→ **Collected material**:
=======
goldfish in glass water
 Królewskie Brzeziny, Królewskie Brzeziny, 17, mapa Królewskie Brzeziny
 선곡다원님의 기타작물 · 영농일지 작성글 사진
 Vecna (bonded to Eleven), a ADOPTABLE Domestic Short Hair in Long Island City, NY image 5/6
=======
→ **Work instructions**: Reproduce the material exactly, with every line intact.

→ **Response for this exercise**:
goldfish in glass water
 Królewskie Brzeziny, Królewskie Brzeziny, 17, mapa Królewskie Brzeziny
 선곡다원님의 기타작물 · 영농일지 작성글 사진
 Vecna (bonded to Eleven), a ADOPTABLE Domestic Short Hair in Long Island City, NY image 5/6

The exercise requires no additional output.